With a PDF of f(x) = ce^-cx where x>=0, how does one determine the Sampling Distribution of the Sample Mean?
https://www.desmos.com/calculator/e5txrxqofw
I really don't understand the concept when the PDF has an exponential distribution.
Every resource I find magically graphs the sampling distribution then moves on to analyze the resulting graph. Isn't that skipping a step?
Is there a function? What is the process to graph the distribution?
I'm lost.
Hints:
Let $S_n=\frac{1}{n}\sum_{i=1}^{n}X_i$ and assuming the samples are iid, $$M_{S_n}(t) = \left(M_{X_i}\left(\frac{t}{n}\right)\right)^n = \left(M_{X}\left(\frac{t}{n}\right)\right)^n$$
$$M_{X}(t) = E(e^{tX}) = \frac{1}{1-ct} \implies M_{S_{n}}(t) = \left(\frac{1}{1-\frac{c}{n}t}\right)^n$$
$$Y \sim gamma(\alpha,\beta) \implies M_{Y}(t) = \left(\frac{1}{1-\beta t}\right)^\alpha$$
Edit: This way might be easier for you to understand.
Suppose you have an exponential distribution with parameter $\beta$ (i.e. $\exp(\beta)$), the probability density function (pdf) of which is,
$$f(x)=\frac{1}{\beta} e^{-\frac{x}{\beta}}\mathbb{I}(x > 0)$$
Now, you sample from the above distribution and say that your sample contains $X_1, X_2, X_3, \ldots, X_n$. Then, the sample mean will be $S_n=\frac{1}{n}\sum_{i=1}^{n}X_i$. Assume that you sample each $X_i$ independently i.e. $X_i$ is independent of $X_j$ for all $i \neq j$. Since each $X_i$ is sampled from the above distribution, this means that each $X_i$ follows $\exp(\beta)$ distribution.
Now, we are supposed to find the distribution of $S_n$. Before doing that let's find out the probability density of $X_1+X_2$.

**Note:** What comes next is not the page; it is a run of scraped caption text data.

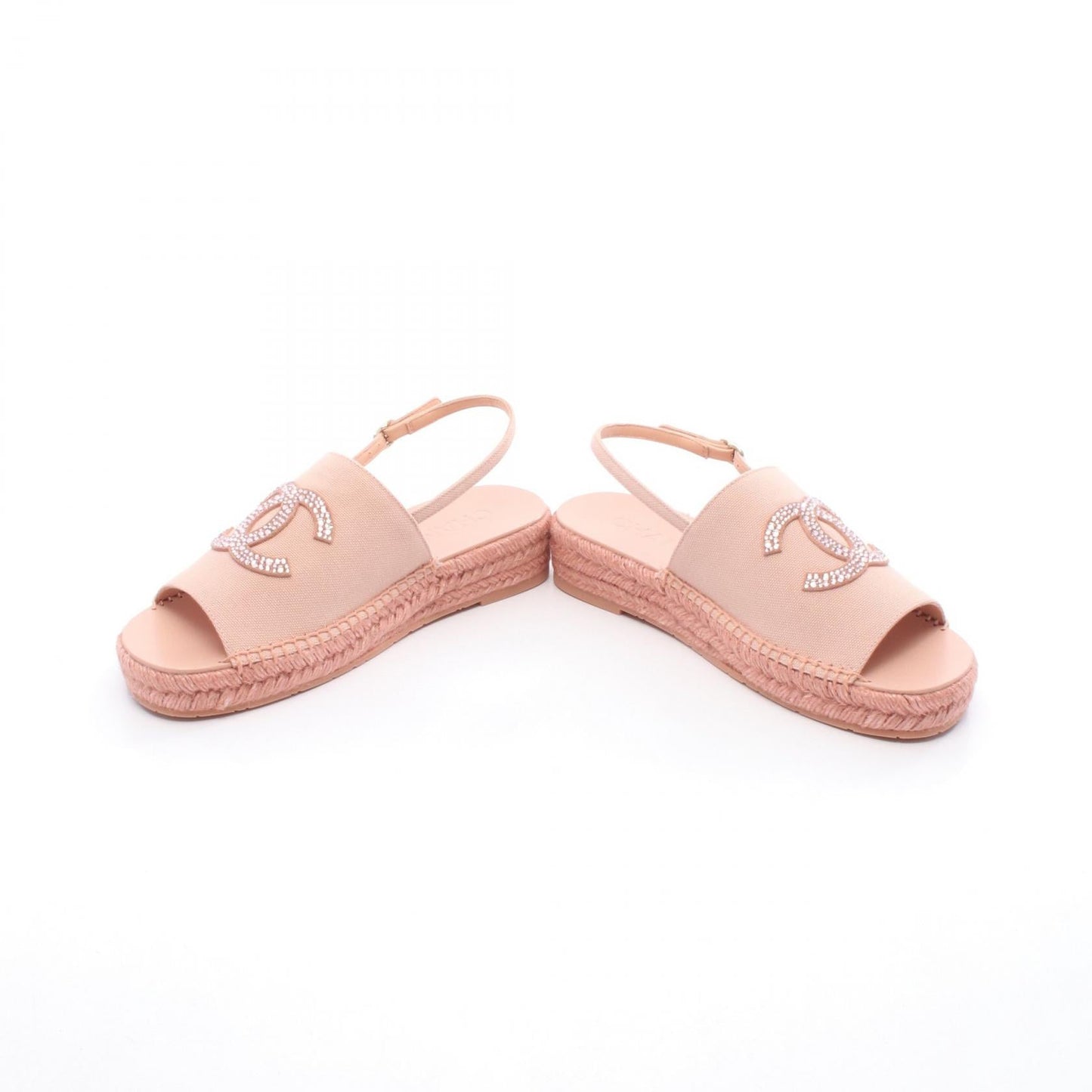 Chanel Coco Mark Canvas Sandals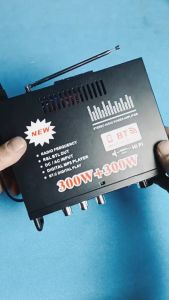 💯🔥🏆SOUNDMILAN แอมป์ขยายเสียง MINI เครื่องขยายเสียง AMPLIFIER ใช้ไฟ12v/220vได้ Bluetooth MP3 USB SD CARD FM รุ่น AV-3322 KBT AUIDO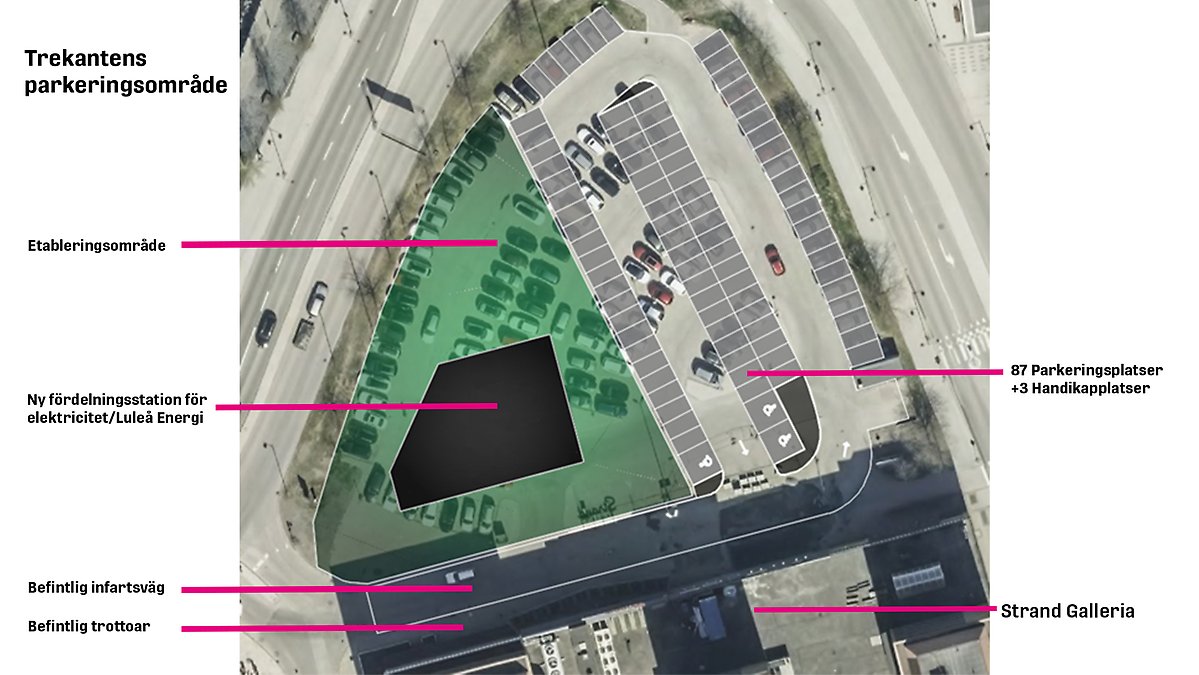 Så här kommer Trekantens parkering att förändras.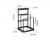 SOPORTE ORGANIZADOR PORTA CUCHILLOS Y TABLA PICAR PORTACUCHILLOS - 1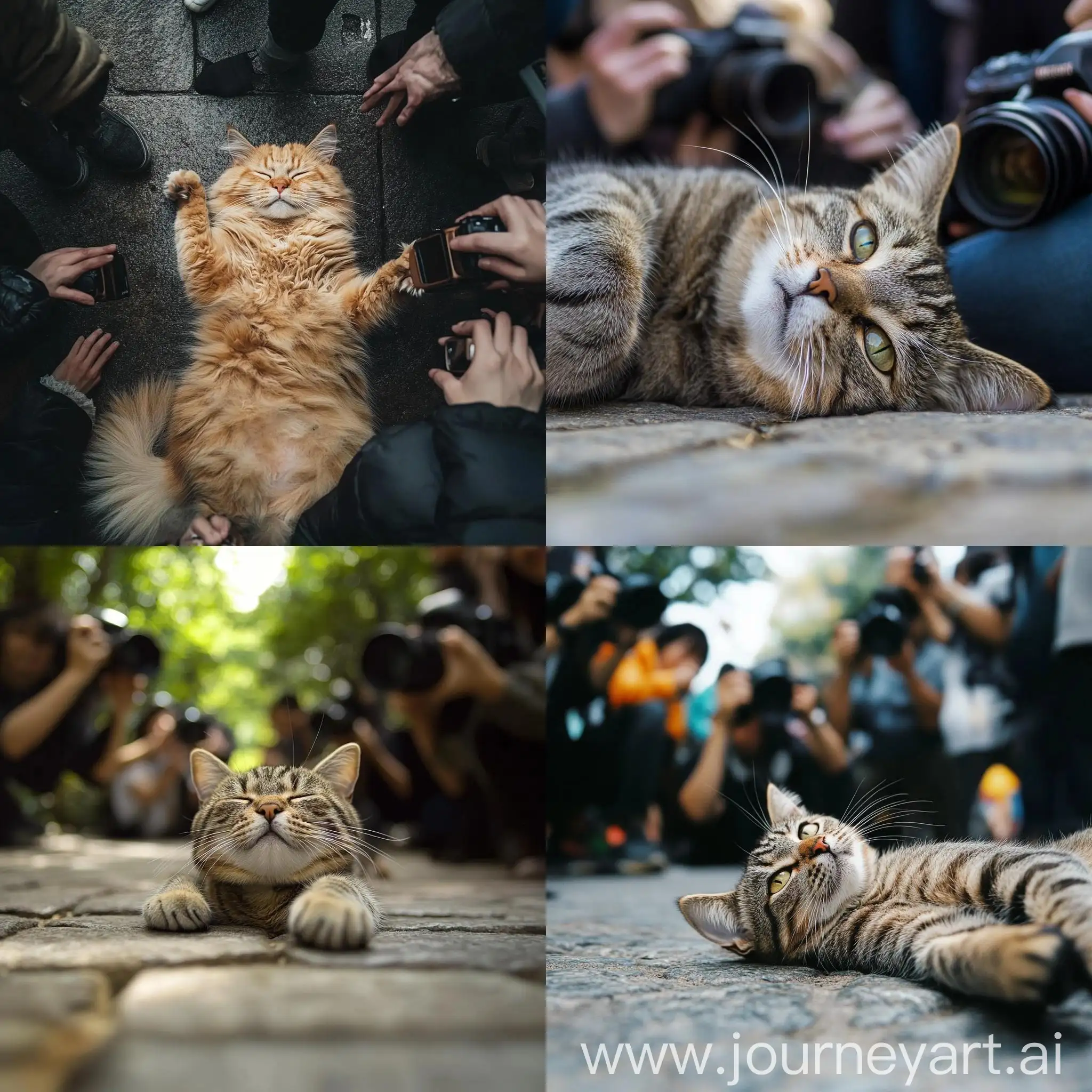 Graceful-Cat-Posed-for-Photographers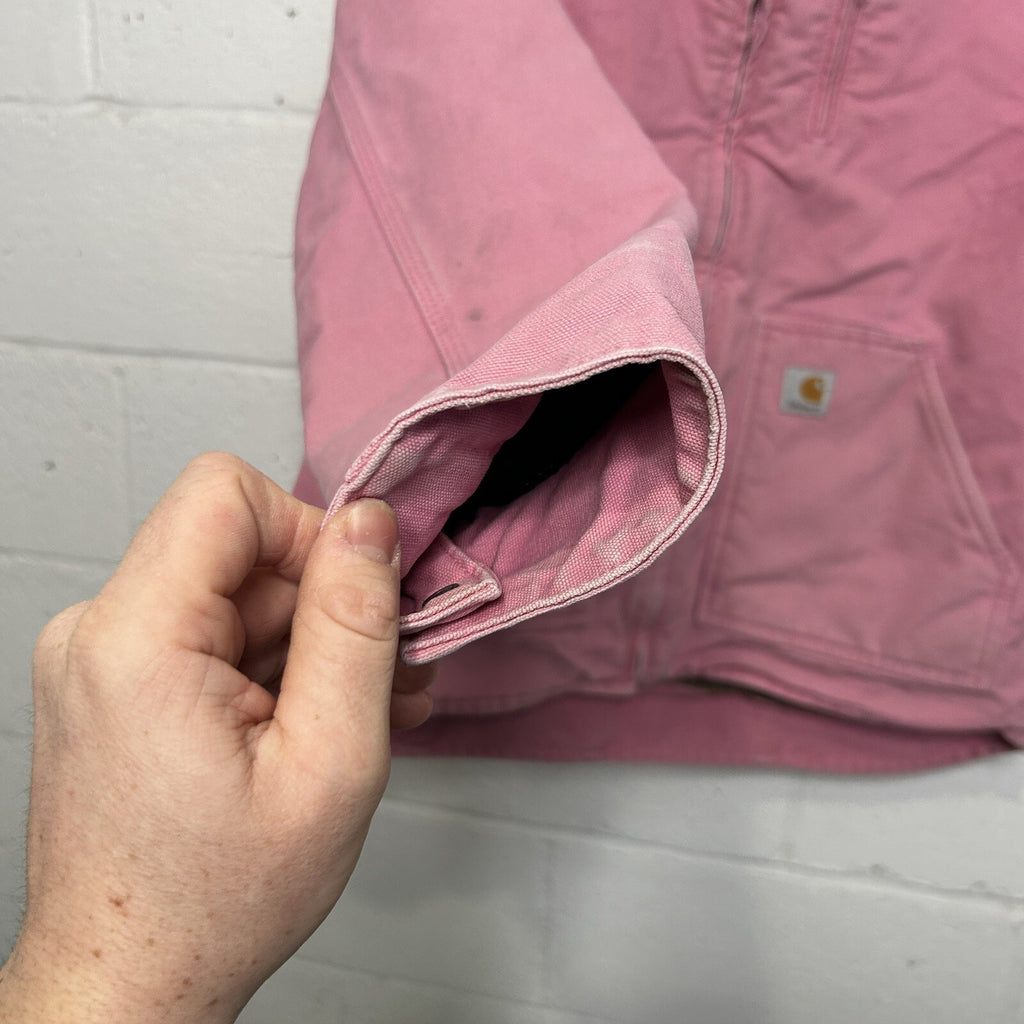 Vintage Carhartt Sherpa-Lined Canyon Jacket “Pink Rose” WJ022 PKR Women’s XL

$$\begin{align}f(X_1+X_2=x,X_2=y) &= f(X_1=x-y,X_2=y) \\ &= \frac{1}{\beta^2}e^{-\frac{(x-y)}{\beta}}e^{-\frac{y}{\beta}}\mathbb{I}(x-y>0)\mathbb{I}(y>0) \\ &= \frac{1}{\beta^2} e^{-\frac{x}{\beta}} \mathbb{I}(y<x)\mathbb{I}(y>0)\end{align}$$
$$f(X_1+X_2=x) = \int_{0}^{x}\frac{1}{\beta^2} e^{-\frac{x}{\beta}}dy = \frac{x}{\beta^2} e^{-\frac{x}{\beta}}$$
This is the probability density function of $gamma(x; 2,\beta)$. So, you may use induction from now on to prove that $Y_n = X_1+X_2+\ldots+X_n$ will follow $gamma(x; n, \beta)$.
$$F_{S_n}(x) = P(S_n \leq x) = P(Y_n \leq nx) = F_{Y_n}(nx)$$
Take derivative wrt $x$ to get pdf of $S_n$,
$$f_{S_n}(x) = f_{Y_n}(nx)n = f_{gamma}(x; n, \frac{\beta}{n})$$
Therefore, $S_n \sim gamma(n, \frac{\beta}{n})$.